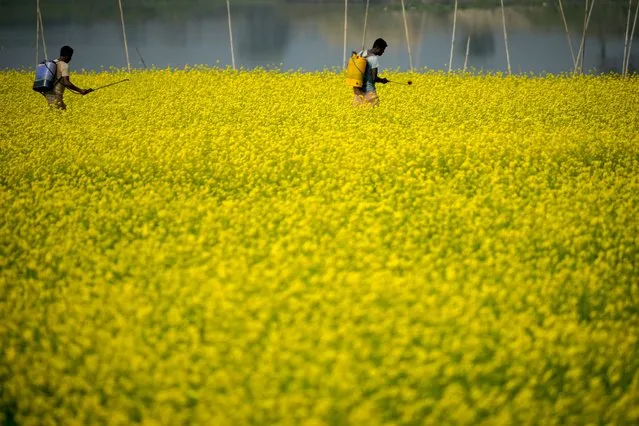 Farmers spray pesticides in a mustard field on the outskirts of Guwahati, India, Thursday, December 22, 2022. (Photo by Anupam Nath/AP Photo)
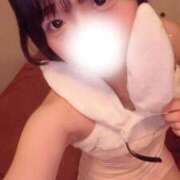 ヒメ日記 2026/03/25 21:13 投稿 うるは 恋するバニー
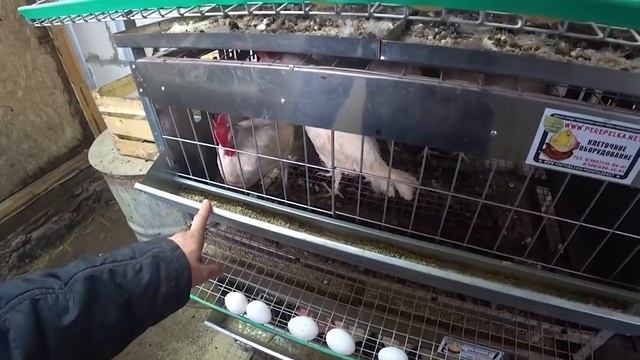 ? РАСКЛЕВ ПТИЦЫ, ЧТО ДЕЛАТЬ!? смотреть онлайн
==*==
__Task statement__
An exact copy of all the data above is required; omit any pictures.

__Final answer__
 Farmers spray pesticides in a mustard field on the outskirts of Guwahati, India, Thursday, December 22, 2022. (Photo by Anupam Nath/AP Photo)
 ヒメ日記 2026/03/25 21:13 投稿 うるは 恋するバニー
 ? РАСКЛЕВ ПТИЦЫ, ЧТО ДЕЛАТЬ!? смотреть онлайн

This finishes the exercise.